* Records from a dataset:

=-=-=-=-=

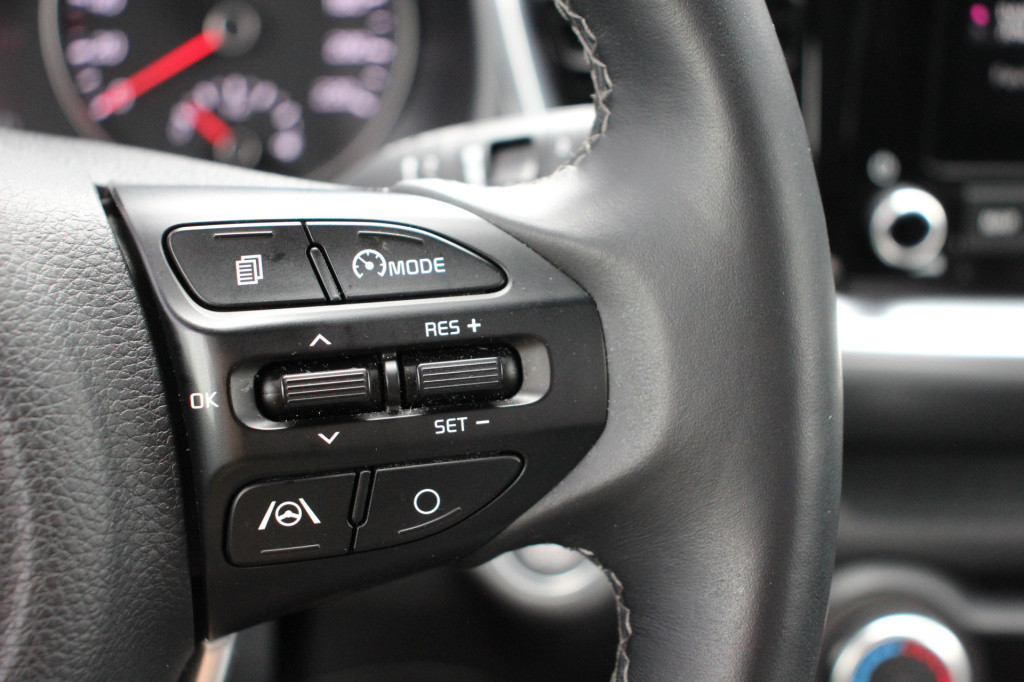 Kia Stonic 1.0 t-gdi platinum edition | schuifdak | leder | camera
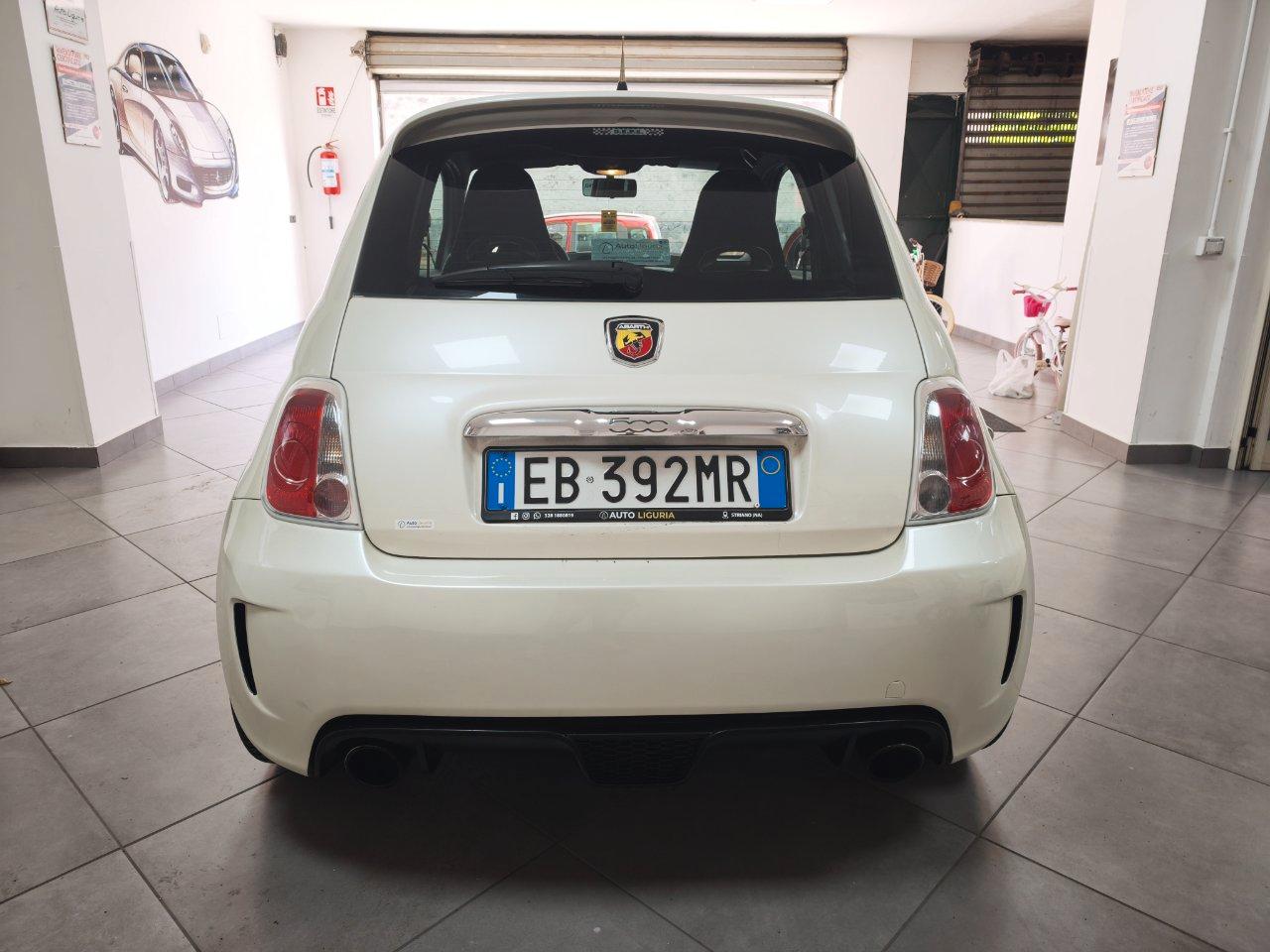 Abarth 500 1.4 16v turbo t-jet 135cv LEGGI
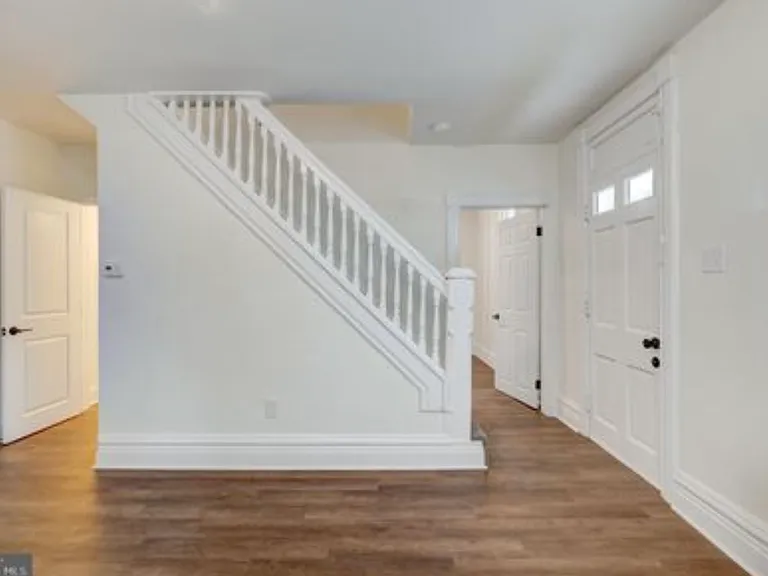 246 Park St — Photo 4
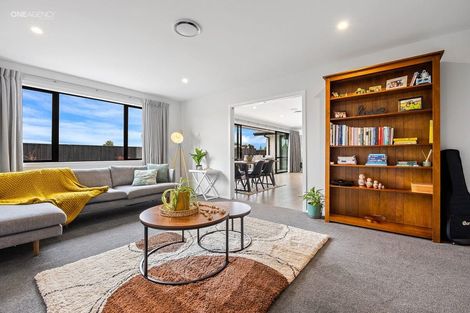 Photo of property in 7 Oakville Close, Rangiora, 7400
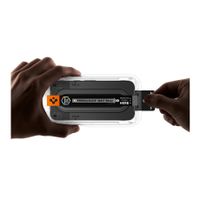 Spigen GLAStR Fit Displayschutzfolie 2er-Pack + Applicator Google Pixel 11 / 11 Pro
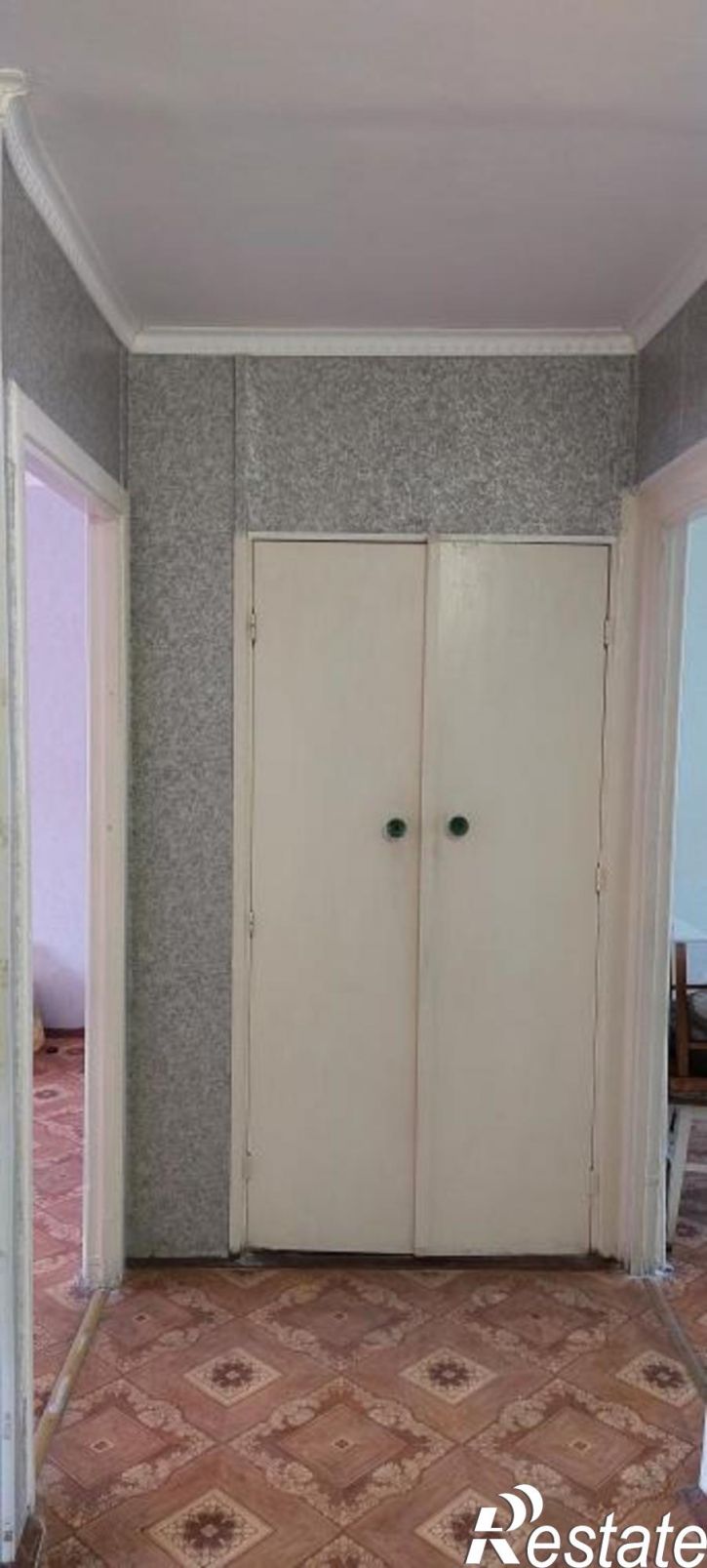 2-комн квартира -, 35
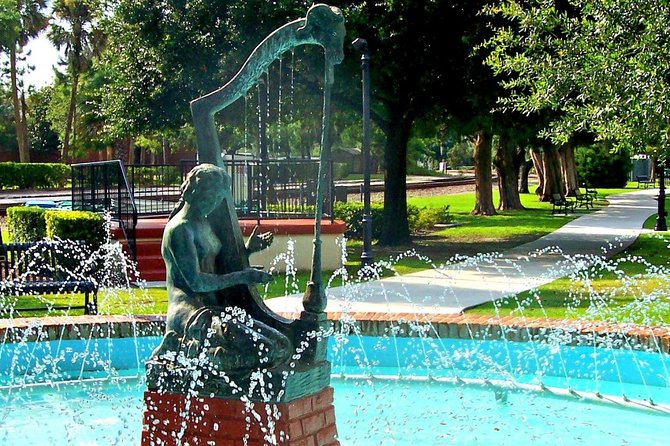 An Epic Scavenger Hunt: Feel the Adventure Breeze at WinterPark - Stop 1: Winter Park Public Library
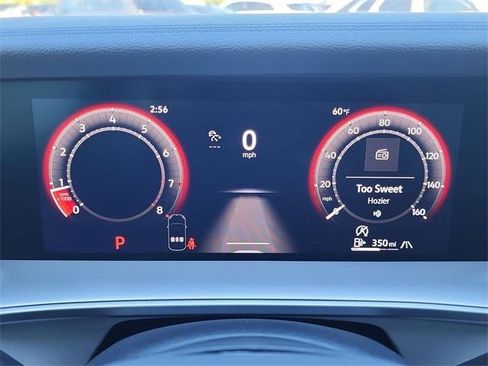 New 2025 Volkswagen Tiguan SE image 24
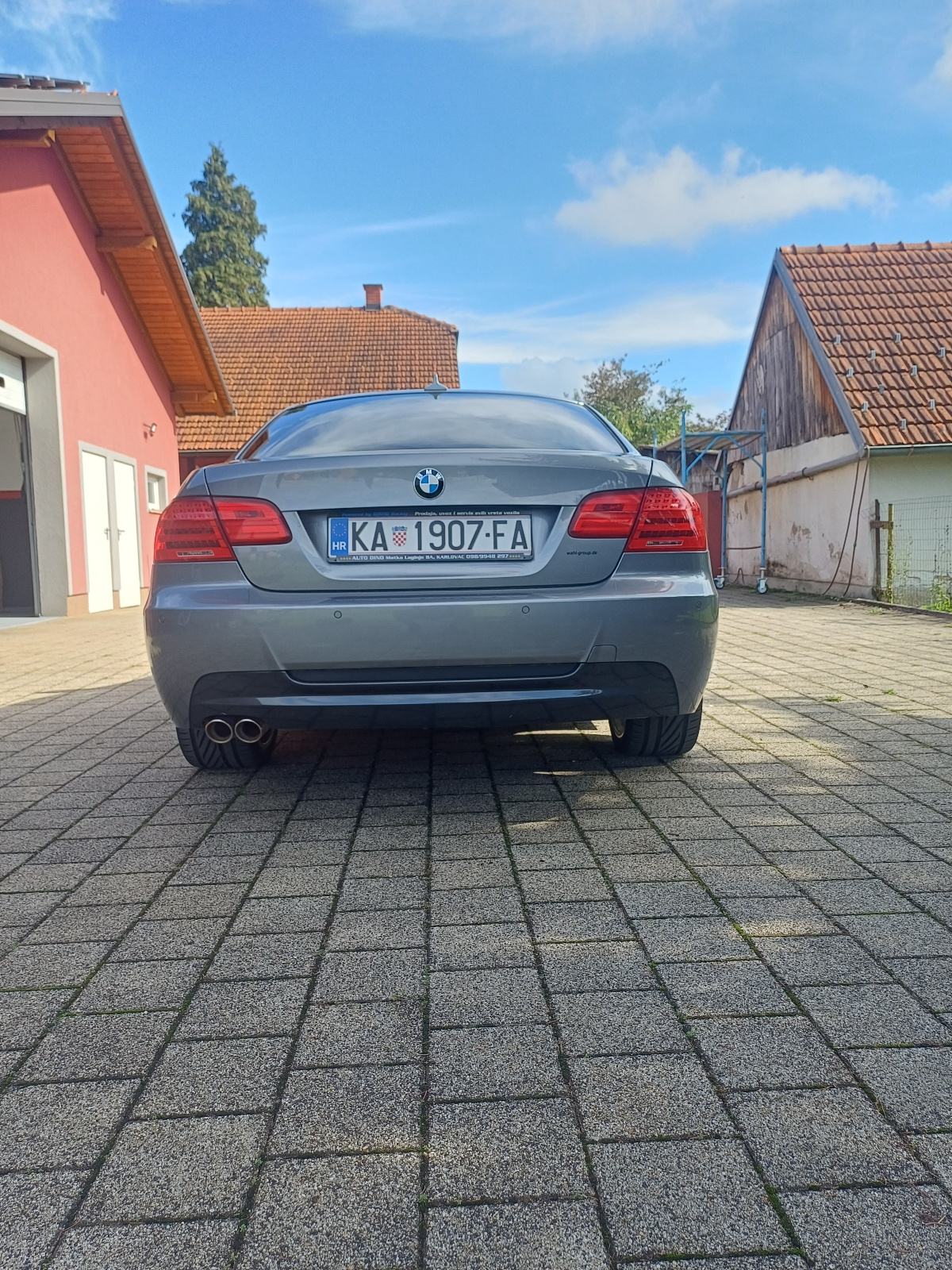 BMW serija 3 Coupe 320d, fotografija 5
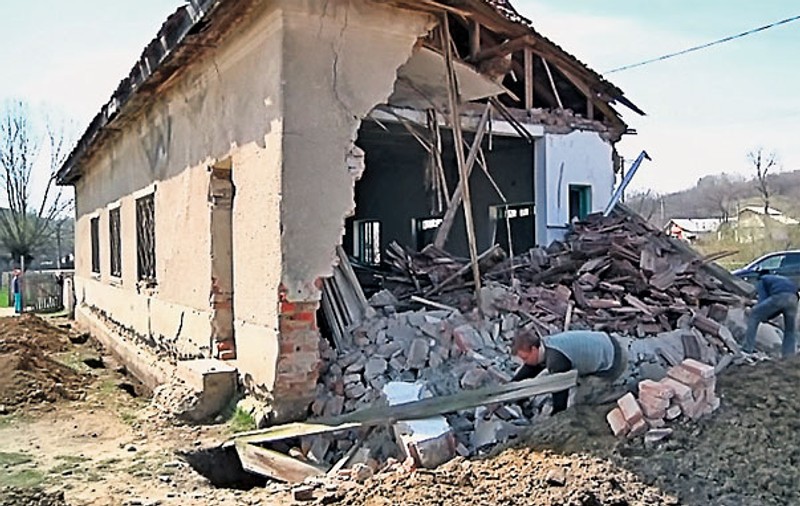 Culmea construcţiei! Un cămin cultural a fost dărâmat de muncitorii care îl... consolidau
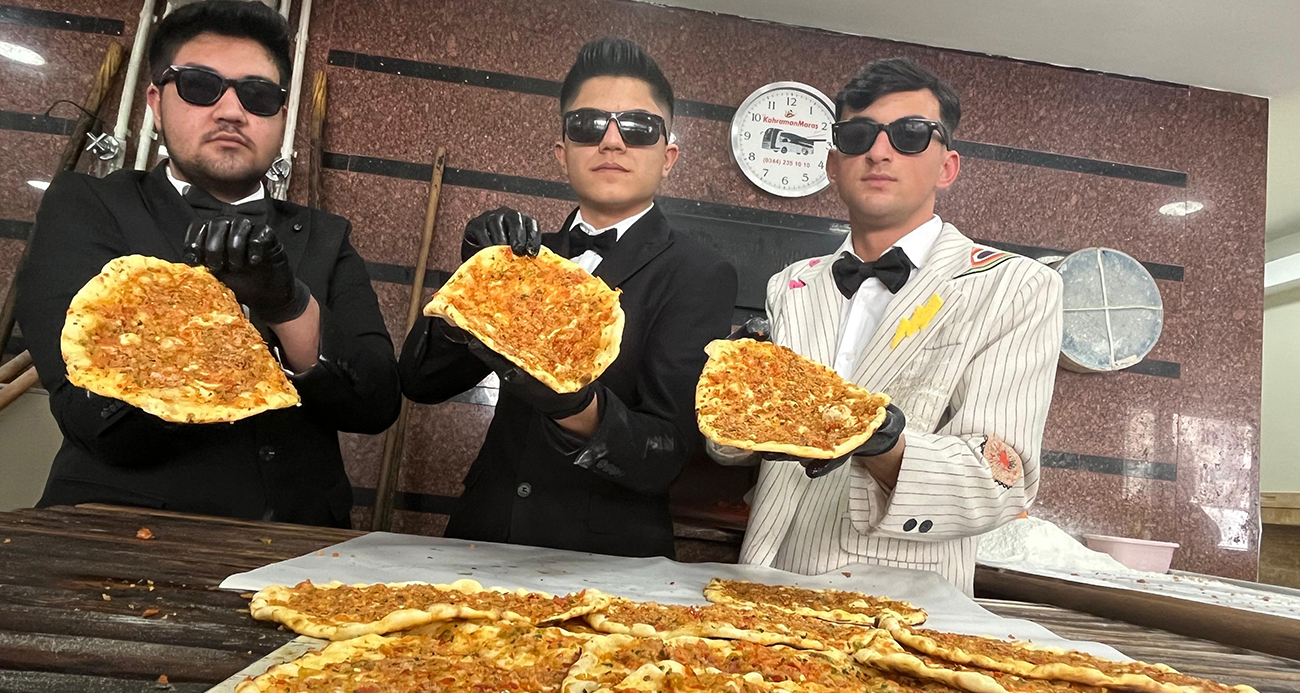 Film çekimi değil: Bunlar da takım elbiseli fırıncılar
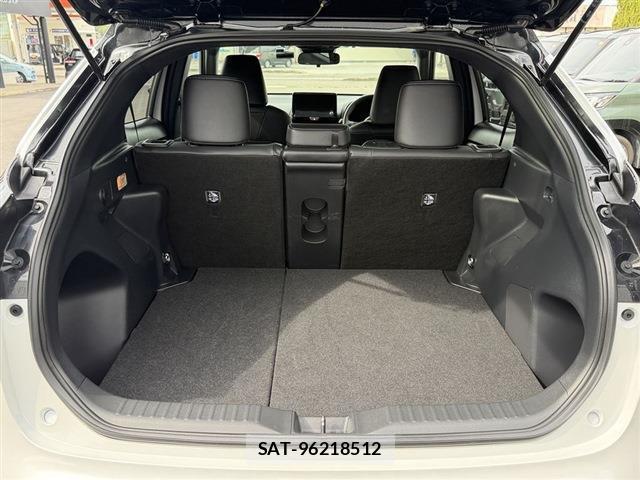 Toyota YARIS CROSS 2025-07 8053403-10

=-=-=-=-=

* AIM OF THE TASK: Copy exactly the lines from the line that contains "Culmea construcţiei! Un" through the last line of the records above, both ends included, but leave out the pictures.

* RESULT OF THE TASK:
 Culmea construcţiei! Un cămin cultural a fost dărâmat de muncitorii care îl... consolidau
 Film çekimi değil: Bunlar da takım elbiseli fırıncılar
 Toyota YARIS CROSS 2025-07 8053403-10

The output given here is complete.